Geek Theories: The Metalocalypse Prophecy

So, anyone who knows me knows I have a perhaps unholy love for the animated series Metalocalypse. While the show boasts great humor, awesome music, and top notch animation, it transcends even its already wonderful premise by having Dethklok, a group of bumbling, spoiled celebrities, involved in a huge prophecy which relates to the end of the world. This prophecy, known as the Metalocalypse, has been foreshadowed from the start of the show and is still somewhat vague. The show is littered with a great deal of imagery, however, which gives clues to what it might all mean. Naturally, I have a geek theory about it! I can’t go into all of my points without giving some spoilers for the season 4 finale, so if this offends thine eyes, look no further.

While there are several images shown throughout the series relating to the prophecy, including the Sumerian tablet, the various medallions with a band member and his corresponding instrument, and the band’s likeness carved into a South American mountain, none seemed so strange or unexplained as the planets. Five planets are occasionally seen in image flashes, often corresponding with the medallions of each band member.

So what are these planets? I suspected for a long time but wasn’t sure that they were planets in our own solar system, and, looking closely, they do somewhat resemble the Jovian planets, minus Saturn’s rings.

Perhaps an astrophysicist can tell me I’m wrong here, and I may be, but I think the look is similar enough to warrant discussion. However, what I find more interesting about this is some other connections one can make to Dethklok using the analogy of them as representatives of the worlds. The theory is not quite complete, I will admit, but the show hasn’t given us everything yet. For now, consider these.

In season two, death expert Dr. Ralphus Galkinsmelter tells us, “Toki Wartooth has become a messenger of death. Everything he touches with his love will die.” And indeed, every outside character Toki cares for (except for Dr. Rockso, who likely has a role to play of his own) is befallen by some horrible fate, whether it be the little girl who admired him, his guitar teacher, his estranged father, or his pet cat. Toki is also the youngest and newest member of the band, often denied the respect of the rest of the band and seen as a kid brother. Hence, Toki, I believe, is Pluto, both the god of death and the smallest of the planets, now not considered a planet at all.

Skwisgaar Skwigelf is a man with an insatiable sexual appetite, and very little in terms of standards, as he will sleep with just about any woman who desires him (which is most of them). It has been shown that he has fathered hundreds of illegitimate children, none of whom are legally allowed to acknowledge him due to Charles Offdensen’s superhuman legal prowess. In “Fatherklok,” Skwisgaar eventually realizes it is his destiny to “Give the gifts of life and makes more gods likes what I ams.” Skwisgaar, then, is Jupiter, philanderer extraordinaire, and father of gods and heroes.

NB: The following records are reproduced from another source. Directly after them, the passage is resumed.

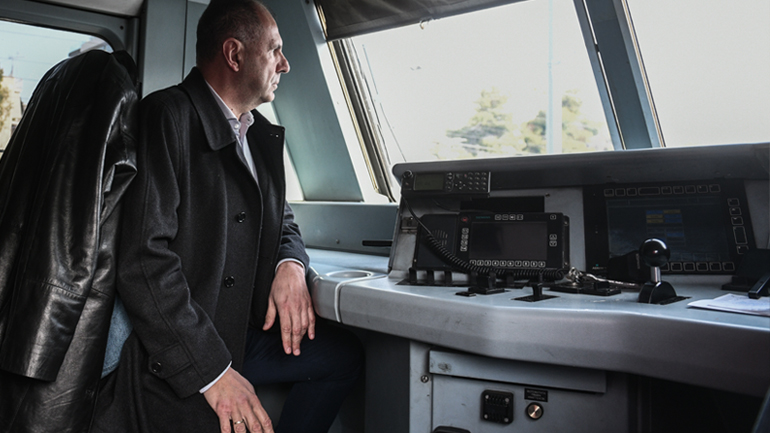 Στο πρώτο δρομολόγιο Αθήνα – Καλαμπάκα ο Γεραπετρίτης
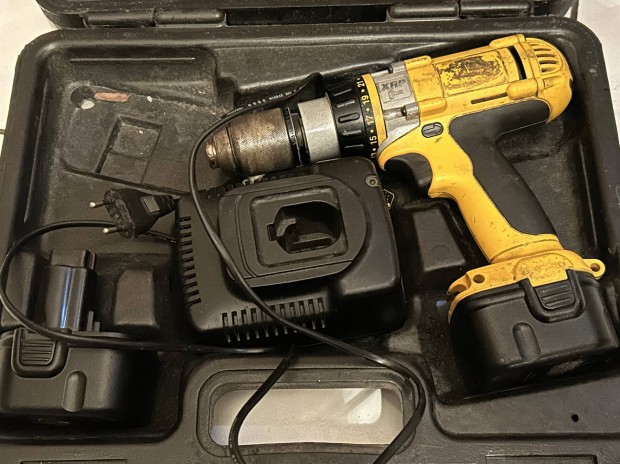 Dewalt akkus fr, csavarbehajt s tvefr 12V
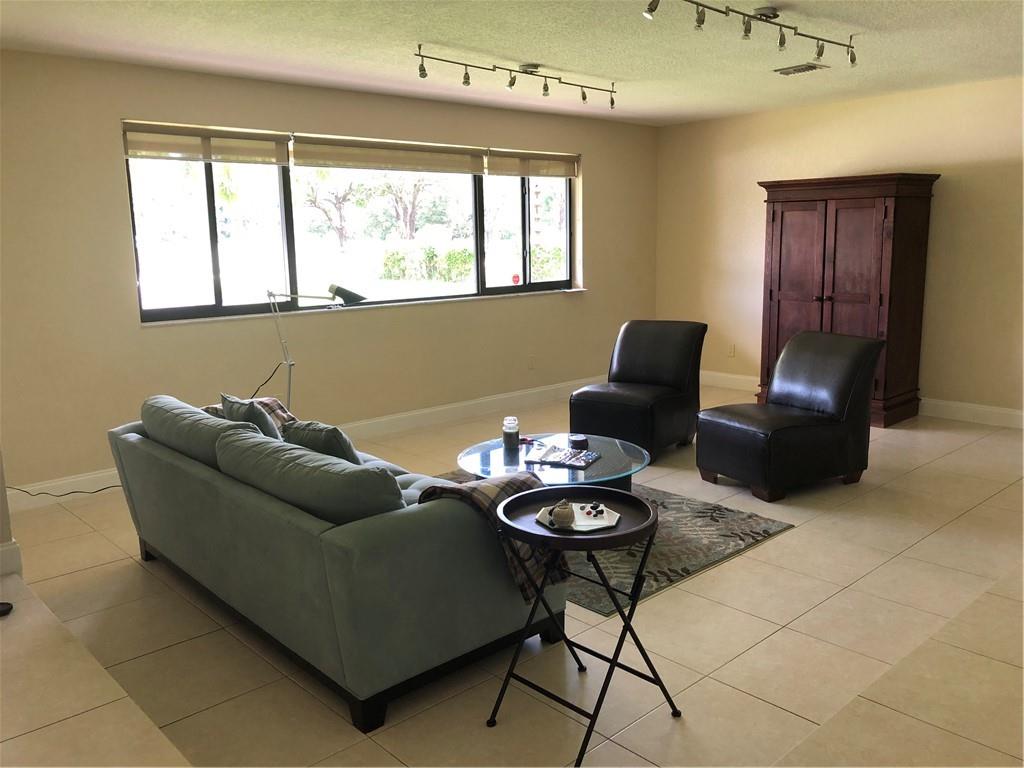 SUNSHINE RANCHES - Residential Lease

Most recently, in “Church of the Black Klok,” Nathan Explosion has been shown to have an affinity for the sea, which is in fact foreshadowed as far back as “Dethwater.” Nathan destroys perfectly fine records (he has done this at least 15 times now) when the unconscious need enters his mind that an album must come from the sea and be recorded underwater. As the head of the Church tells him, Nathan is told to do this by a massive whale, who serves as his spirit guide. Nathan is the band’s creative visionary, and as much of his power comes from the water, Nathan is Neptune, god of the ocean (and horses, while we’re at it; Nathan does love his Thunderhorse).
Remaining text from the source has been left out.